A recent survey undertaken by the company Luth Research in San Diego has revealed that a whopping 10.7% of US subscribers tuned in to catch at least one episode of Daredevil during the first 11 days that the streaming service made the series available. Of those who viewed, the research company is reporting that 2.3% of subscribers tuned in the first day of release. Considering Netflix has roughly 40.9 million subscribers, that would mean 4.37 million tuned in during the first 11 days and a little under a million viewers tuned in the first day.
As people bingewatch at whatever rate and frequency they want on Netflix, there might be plenty of people that plan to watch Daredevil down the line. Still, while 10.7% of subscribers is an impressive percentage, it is worth noting that less people are watching Daredevil than the average episode of Marvel's network show Agents of S.H.I.E.L.D., although it is close. Last week’s S.H.I.E.L.D., for instance, brought in 4.45 million total viewers. And certainly less people are watching than behemoth TV programs like Game of Thrones and The Walking Dead.

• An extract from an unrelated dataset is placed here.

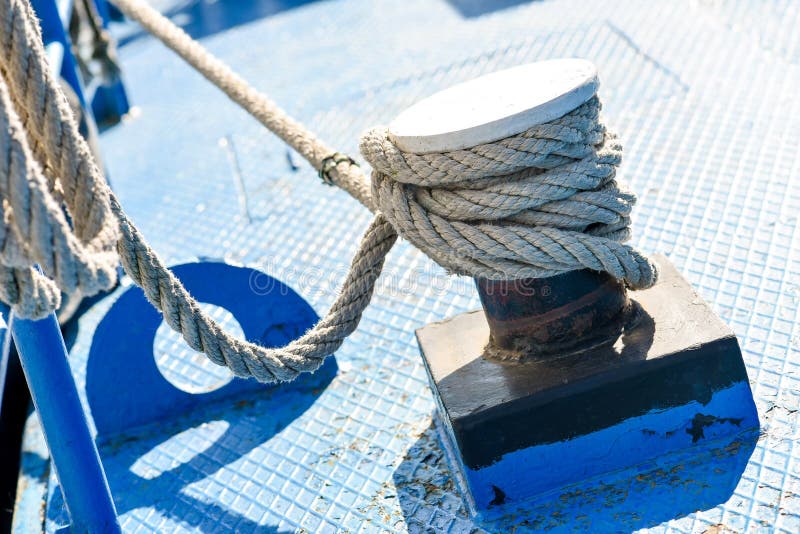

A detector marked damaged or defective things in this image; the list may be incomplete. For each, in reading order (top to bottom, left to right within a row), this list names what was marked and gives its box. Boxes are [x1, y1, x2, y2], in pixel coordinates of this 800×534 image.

rusty metal base [416, 256, 760, 516]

Here’s the thing, though. Variety indicates that Luth Research’s information comes from a sample of 2,500 Netflix users who were watching programming via smartphones, tablets and computers. The data didn’t track anyone who was streaming through Internet-connected TV sets or through video game consoles, which could be a huge chunk of viewers. And since this information isn’t coming directly from Netflix, it’s hard to tell how many more viewers watch on their TVs.
Luth isn’t the only group trying to figure out Netflix’s secrets. As the subscription streaming service has made a big monetary bid to produceoriginal programming in recent months, Nielsen has also begun to work out a way to track some of the viewership for the platform.
Netflix, like subscription cable, doesn’t need ratings data like network and cable does, but even if Luth’s information is somewhat off, it’s still at the very least gauges how popular different Netflix programs are in terms of viewership. According to the data, 6.5% of subscribers watched House of Cards Season 3, this time over a lengthier 30-day period. Unbreakable Kimmy Schmidt, over the same period, saw 7.3% of US subscribers give the series a shot. And poor Bloodline was only watched by 2.4% of US users over the first 30 days. None of the data indicates how any of these shows would have done during Daredevil's smaller window, but it does seem to indicate how incredibly popular the show already is. It’s no wonder Netflix has already signed on for a second season of the Marvel drama.